Improving streaming clustering with decision branching

More Info
expand_more

Abstract

Clustering is a commonly used method in data analysis. It is a complex problem that can be very time consuming, especially when clustering large datasets with many features. Most clustering algorithms scale exponentially in time when increasing the dataset size, making it infeasible to use them for large datasets. Streaming algorithms do not have this problem as they will scale linearly. Evolving Local Means (ELM) is a streaming clustering algorithm based on Mean Shift. The ELM algorithm iterates over all data samples in a single iteration, updating an internal structure of clusters with each sample being added. Similar to Mean Shift, ELM requires only one parameter to be provided by the user: the initial radius of a cluster.
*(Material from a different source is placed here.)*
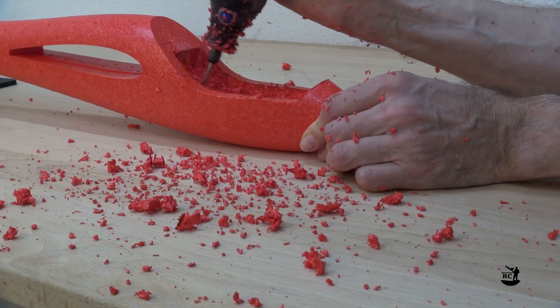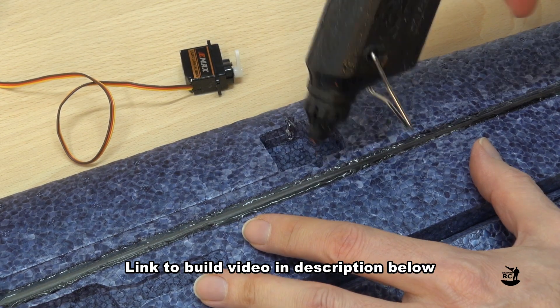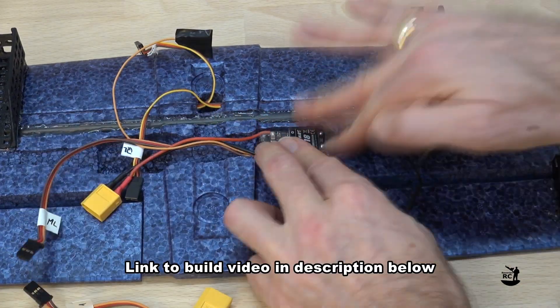If you haven't seen the build video of this Lidl Glider, then check out the link in the upper corner or in the video description below.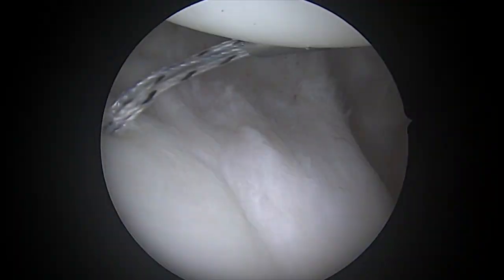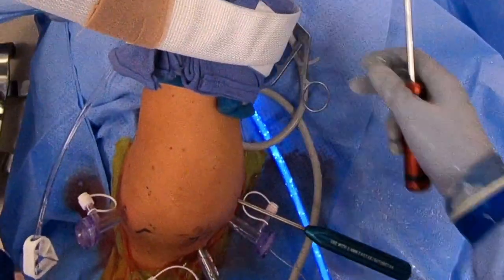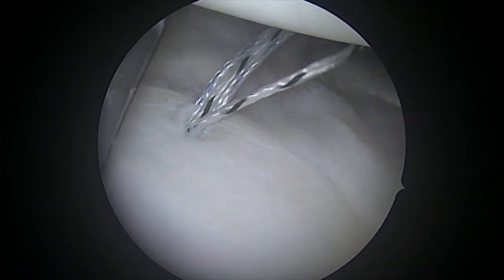Here's our look inside the joint. You can see how lax the capsule is. I've already placed an anchor here at the 5 o'clock position. One of the things you need to do before passing sutures is come in with a rasp and do a little bit of rasping of the capsule.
In ELM, each sample can either be added to the nearest cluster or turned into a new cluster, depending on the distance to the nearest cluster. Clusters that come too close to each other will be merged to form a single cluster. There is one issue with this approach: the decisions are based on an intermediate state that is constantly evolving. This might cause incorrect clustering results when ELM merges clusters together prematurely. This research introduces ELM Decision Branching (ELM-DB) which extends ELM with decision branching. ELM-DB aims to reduce the chance of a premature merge by postponing important decisions. Instead of making a decision directly, it will branch and continue all possible options until the decision can be made. ELM-DB is able to improve clustering performance with only a small increase in runtime and produce consistent results for a larger range of radius settings than ELM.